Читайте это интервью на немецком языке

Интервью провели Клаудиа Детч и Йоанна Итцек

Каково в наши дни влияние социальных сетей на стиль и содержание политики?

В наше время социальные сети сегментируют общество намного сильнее, чем раньше. Отныне не существует монолитного общества, в котором политики пытаются утвердить себя и перед которым они должны нести ответственность. К тому же социальные сети порождают поляризацию и взрыв эмоций до такой степени, что дискурс уже не имеет бывшего веса. И тот, кто хочет поспеть за этим, должен также овладеть искусством поляризации, нагнетания эмоций и обострения.

А как в идеальном варианте политики должны использовать Facebook, Twitter & Co.? Есть ли у них вообще шанс противодействовать описанным выше механизмам посредством постов?

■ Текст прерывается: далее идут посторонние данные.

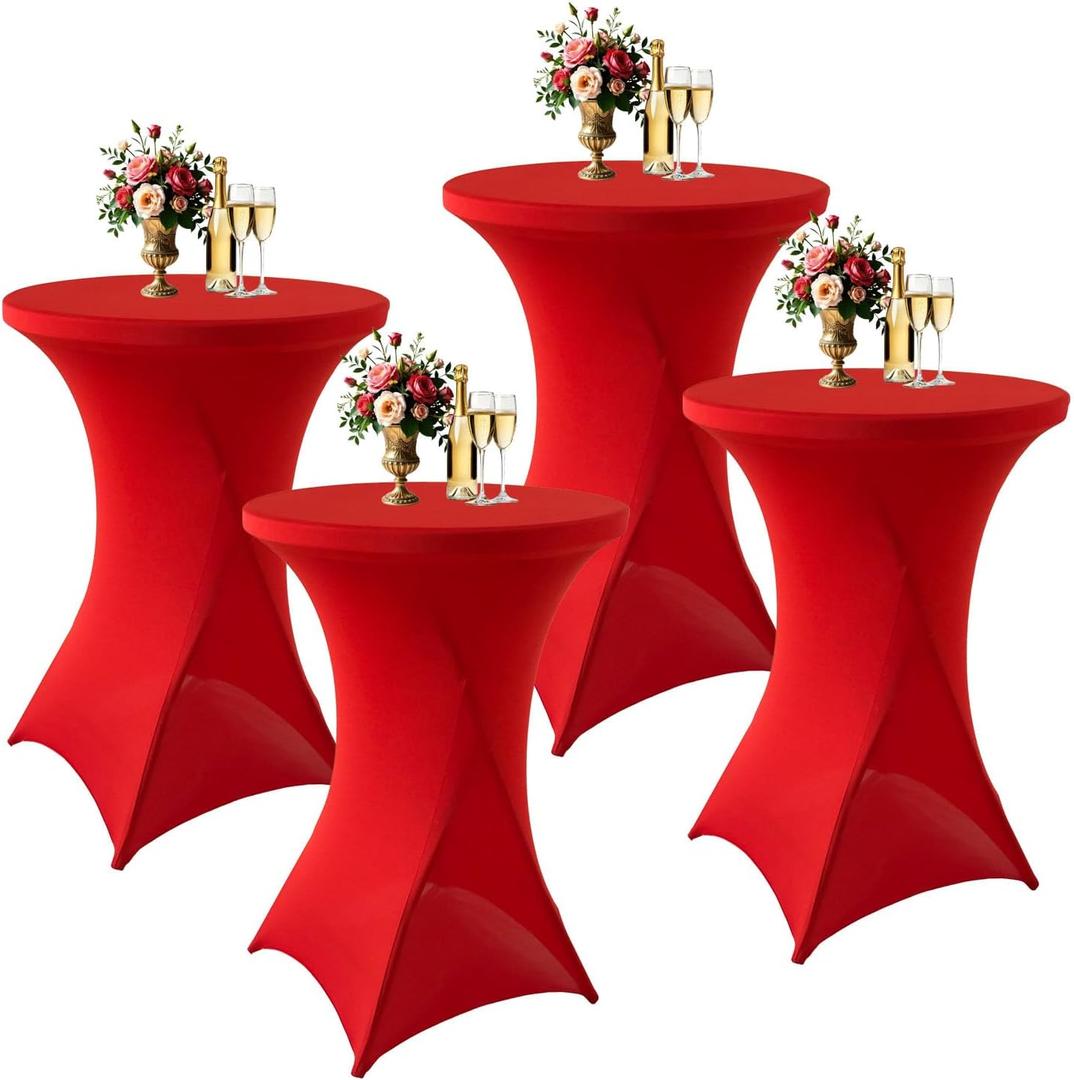 4Pack Red Cocktail Table Covers 32x43Inch Red Cocktail Table Tablecloths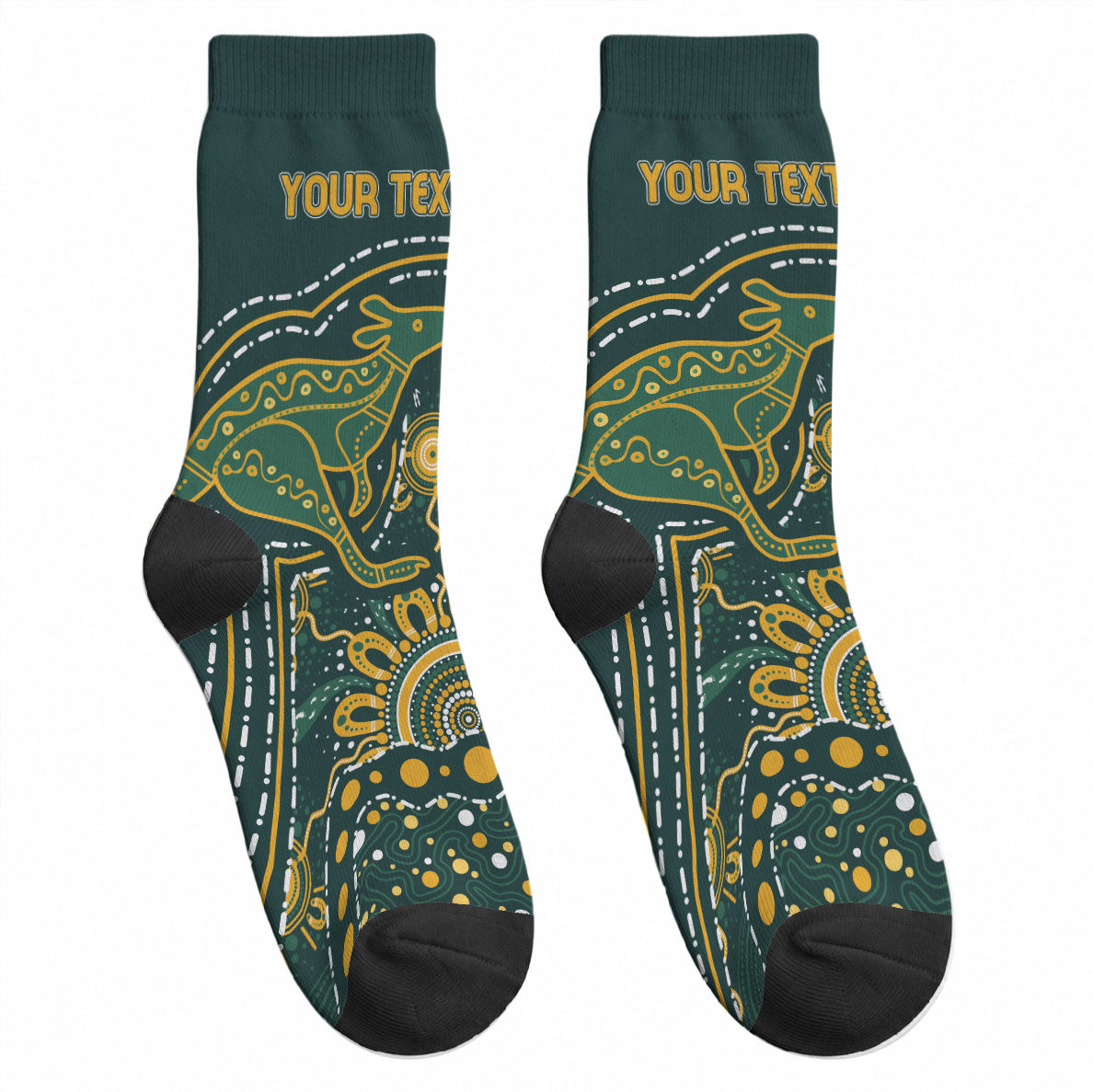 Australia Kangaroos Custom Indigenous Personalised Crew Socks Aboriginal Arts - Rising Sun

Все-таки еще существует широкая «официальная» политическая общественность, сформированная мейнстримовыми медиа. В идеальном варианте политики должны обрести четкий политический образ, однозначно соотносимый с исповедуемой ими политикой. Они призваны вбирать в себя озвученные обществом интересы и руководствоваться ими для внесения разумных политических предложений.

Удастся ли это?

Большая проблема в данный момент заключается в том, что почти все политики родом из одного социального окружения, а именно высших культурно образованных зажиточных слоев. Они отдалены от общественной среды, связанной с миром труда, а потому являются воплощением лишь того, что имеет существенное значение только для упомянутой немногочисленной лидерской прослойки. Как следствие, дефицит репрезентативности является одной из основных причин кризиса репрезентативности общества, в котором мы живем. Непредставленные слои общества выплескивают свою энергию в виртуальный мир социальных медиа отчасти из-за того, что не имеют возможности сделать это в другом месте, отчасти потому, что в состоянии осуществлять коммуникацию лишь в форме маленьких лоскутов текста. Политики устоявшихся партий, очевидно, не имеют возможности дойти до сознания этих людей из-за своего стиля коммуникации и репрезентации. Это барьер. И этот барьер – большая проблема для нашей демократии.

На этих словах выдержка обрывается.